Everest Poker – the bathroom from funny you should ask on Vimeo.

Everest Poker – The Club from funny you should ask on Vimeo.

Everest Poker was a bit late into the Swedish market, considering the boom in 2005 and 2006. But then again the category as such seem to never get tired of playing and definitely not growing tired of sign-up bonuses. Talking to, and practically living with, poker fanatics from all buy-in levels of the game tells you many things and one of them is the fact that it’s a high interest category but with very low interest in the product brands in every aspect other than the functional benefits which is about functionality on the site (smart settings, auto fold, proximity of buttons and the order thereof etc), number of active players (need to be lots of tables across all buy-in levels), whether or not you can be lucky enough to play with real pros and of course the sign-up bonus (which you don’t want to make your only reason for acquisition as repeat playing gets tricky), most of which are experienced by trial.

Obviously brand communications play a role, first of all by getting people there (and then conversion is up to the site) and also by reminding players that it’s time to try something new (considering the fact that they are often registered on 5-8 sites and often active on 3+ at the time). How you do this, however, doesn’t necessarily have to be so functionally focused and not even bonus focused given the category norm which says; poker players try everything.

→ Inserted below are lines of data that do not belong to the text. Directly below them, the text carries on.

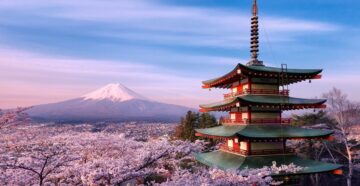В Японию на цветение сакуры и не только: туроператоры стали активнее предлагать туры в страну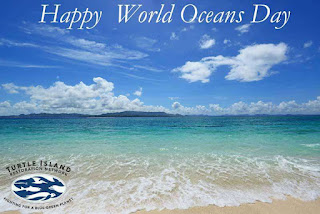 World Oceans Day HD Pictures, Wallpapers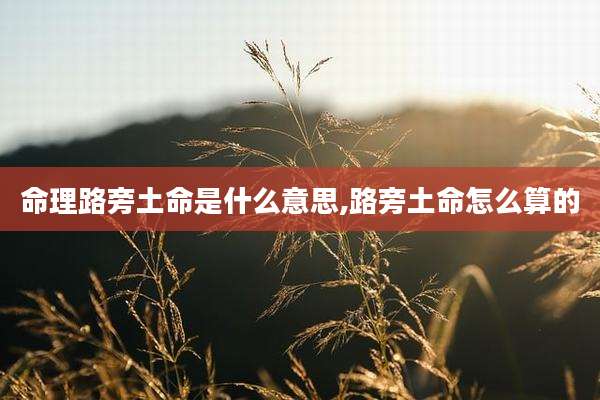命理路旁土命是什么意思,路旁土命怎么算的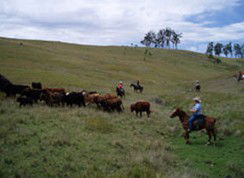Camp Cobark - Kawana Tourism 2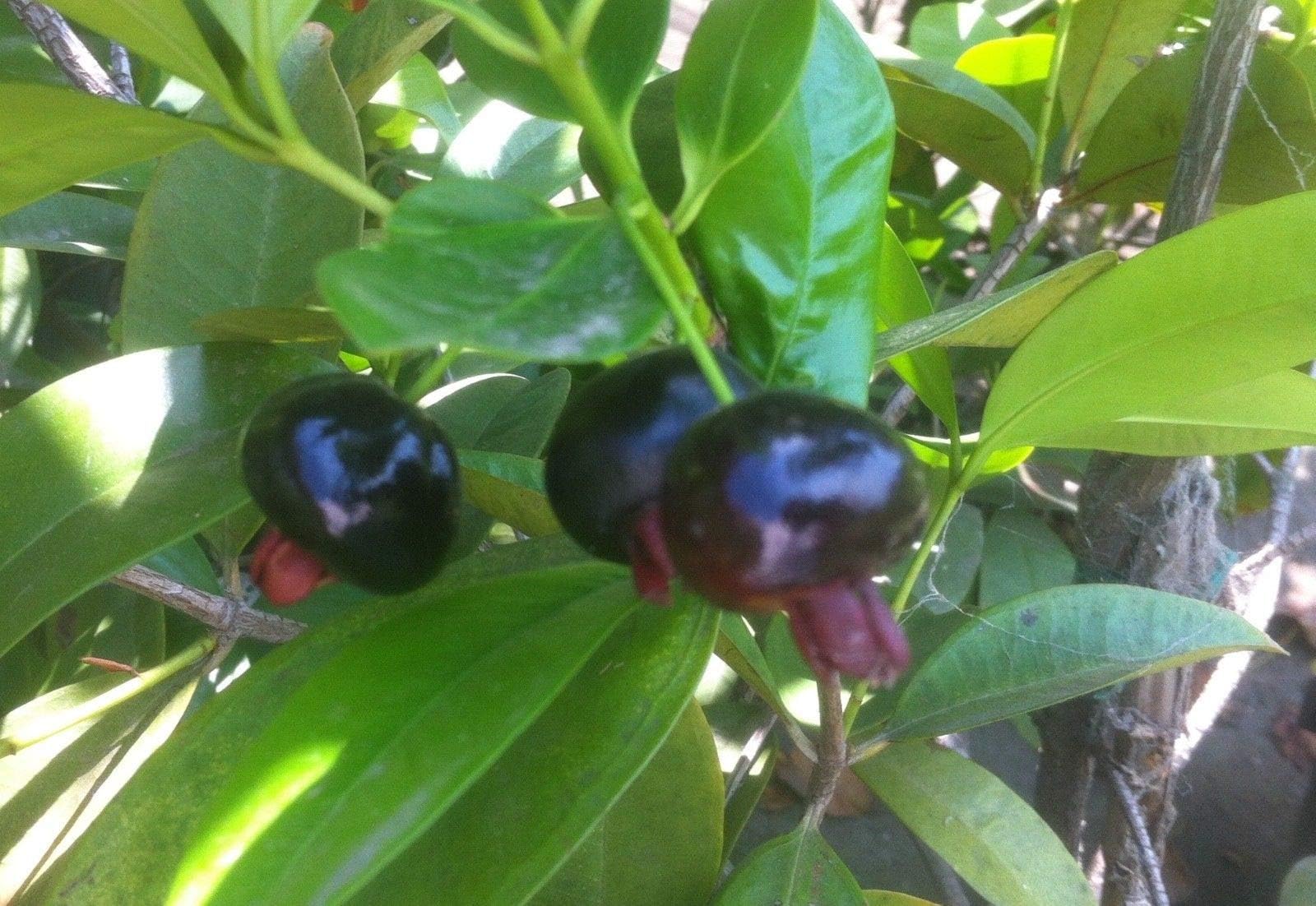 FERRY Organic Seeds only Not Plants: Grumichama, Eugenia braziliensis 3g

We devised a creative strategy playing on high quality feature film style, while communicating the most core brand value of Everest Poker; not making it about bling bling, not about taking the last dime off your opponents – but for the love of the game. A place less macho, and a tad bit more friendly without coming across as completely alien for that matter. That, we figured, is to be shown before experienced, but probably not told. For the player tuned to details, you’d see that the 4 films in total were actually connected in 2 stories. After all, it was all built on evoking curiosity as opposed to being stupidly redundant.